Sinn Féin is showing in the mid-to-high teens in various polls, which places Ní Riada in contention. Toireasa Ferris got more than 13 per cent of the vote in 2009 but was nowhere in the hunt because she could not pick up transfers (it was only a three-seater then with a quota of 25 per cent). Sinn Féin has tended to score a few points more in opinion polls than its actual voting turn-out. Even if that is the case this time, she will attract more transfers and has no real rival for the fourth seat (unless an Independent comes from nowhere or Phil Prendergast can rouse dormant Labour voters with a high-risk campaign that’s very critical of her own party in Government).
What can be said with certainty is that Fianna Fáil’s Brian Crowley will be elected with a quota of votes and that Fine Gael’s Seán Kelly will poll respectably.
Crowley’s vote-catching abilities are phenomenal and he will do well irrespective of his party’s fortunes. The problem for the party is what’s known as quota-squatting – there’s no vote management or sharing. In 2009, Ned O’Keeffe was Crowley’s running mate and got 3 per cent of the vote. This time around it’s Kieran Hartley, who will do well to surpass that.
Fine Gael strategy
Fine Gael’s strategy makes more sense. Deirdre Clune has thrown everything at the campaign and has an army of helpers and a seemingly big war chest. With three strong candidates, Fine Gael should be in with a strong chance of taking a second seat. But don’t discount Harris in Wicklow. He came in late but is an energetic campaigner and he isn’t there to make up the numbers.
For Phil Prendergast it’s a tall order. Alan Kelly took the seat for Labour in 2009 because of an ability to attract transfers. Labour’s corporate brand is low and Prendergast can’t rely on transfers this time. She needs a high number of first preferences and it’s debatable whether she’ll get enough of them.

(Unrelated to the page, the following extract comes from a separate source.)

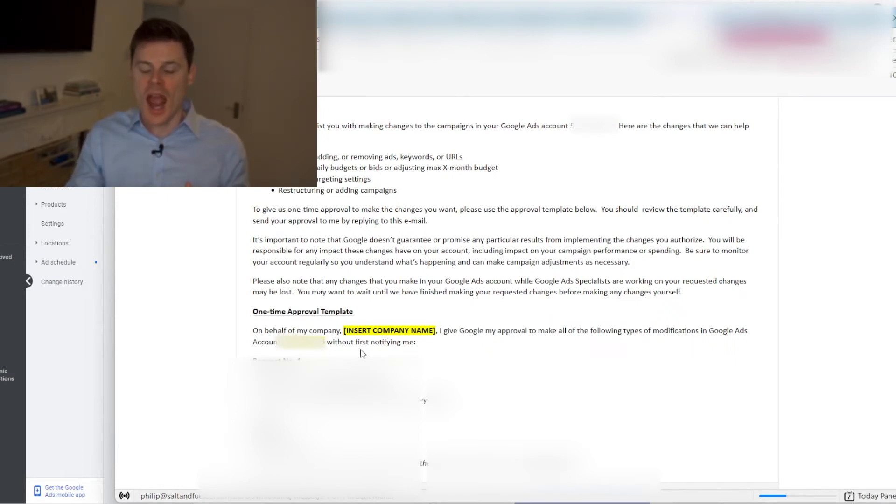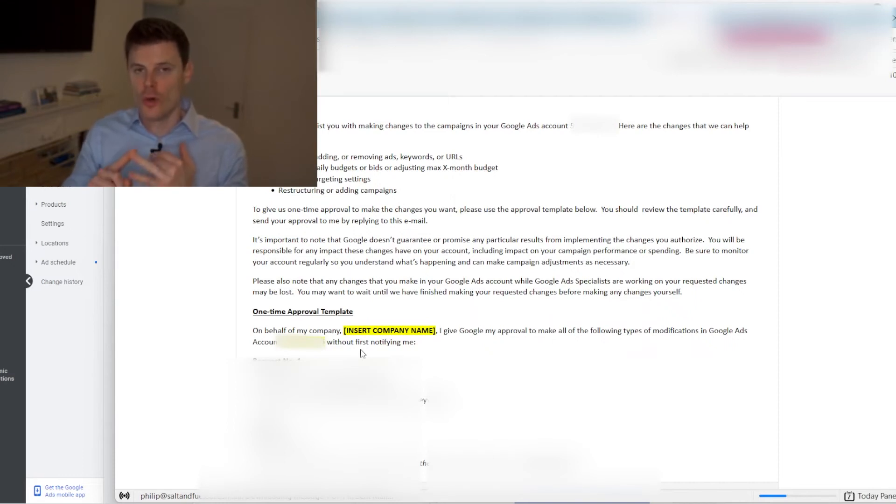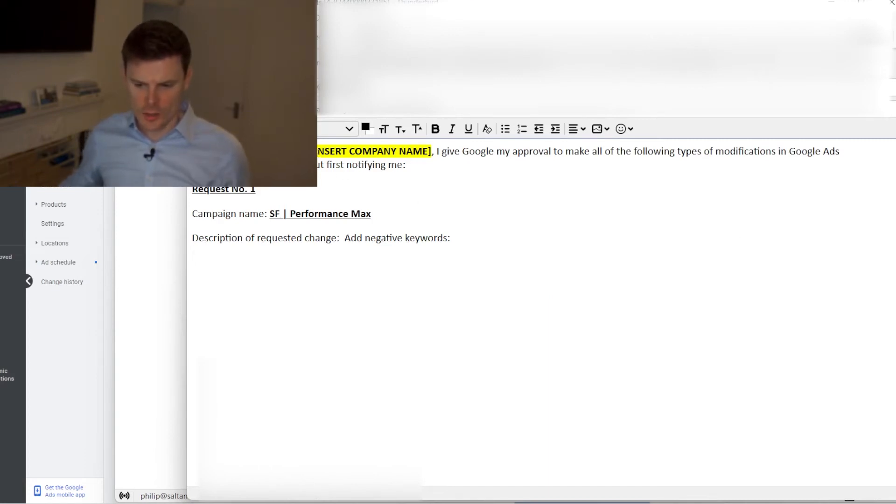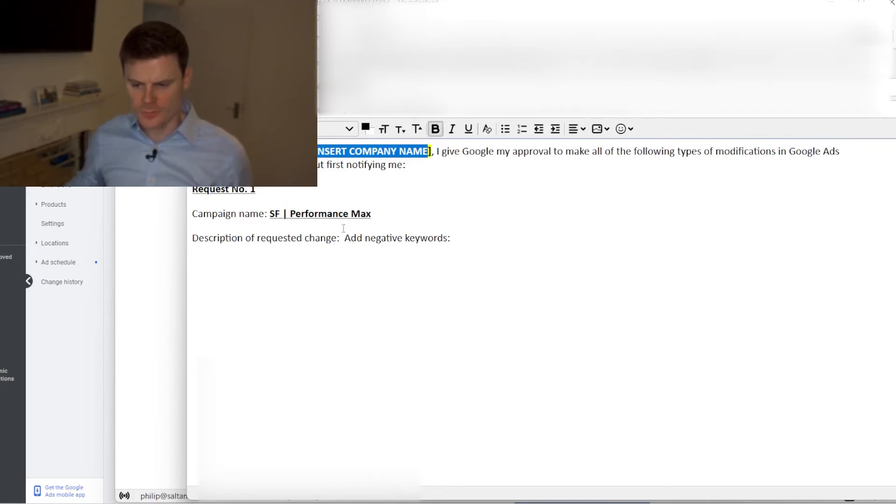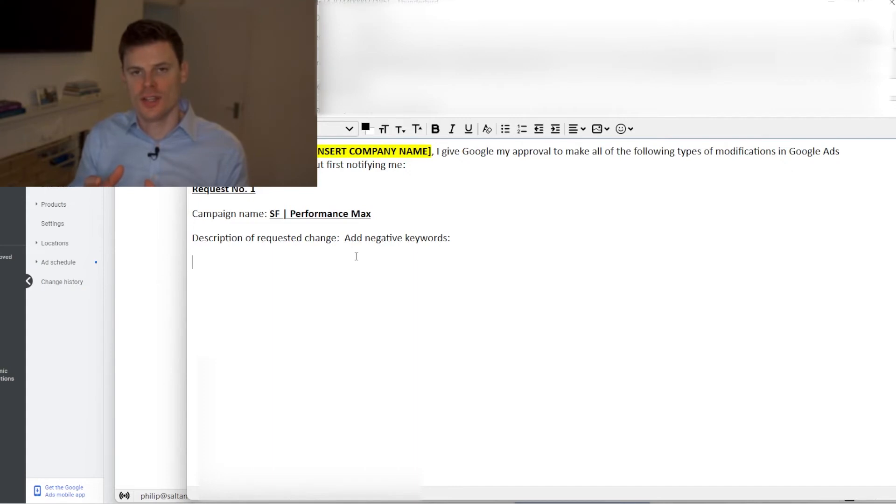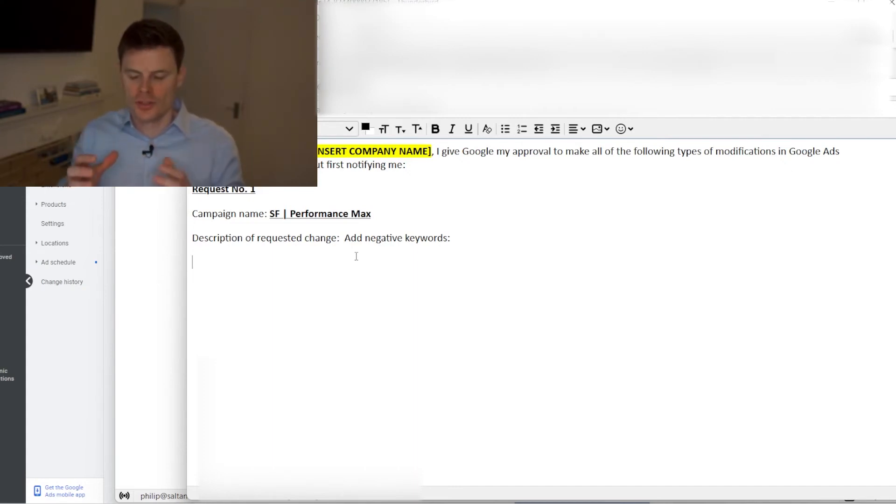Now I can also note down in that email the negative keywords I want them to add to the campaign and the match types for those negative keywords because that's very important. So here's my email reply, here is exactly where I'm going to be typing in the company name and then down here is where I'm going to be writing each of the negative keywords and then in brackets I can put the match type that I want for that negative keyword.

Of the rest, O’Flynn, who has fronted the bondholder bailout protesters Ballyhea says No campaign, is an interesting candidate who will attract anti-establishment and eurosceptic votes, but may not threaten the outcome. The Green Party candidate, Grace O’Sullivan, a Rainbow Warrior veteran and a former Irish surfing champion, is very interesting but her party has not recovered sufficiently. As of now, it looks like Crowley, Kelly, Ní Riada and Clune.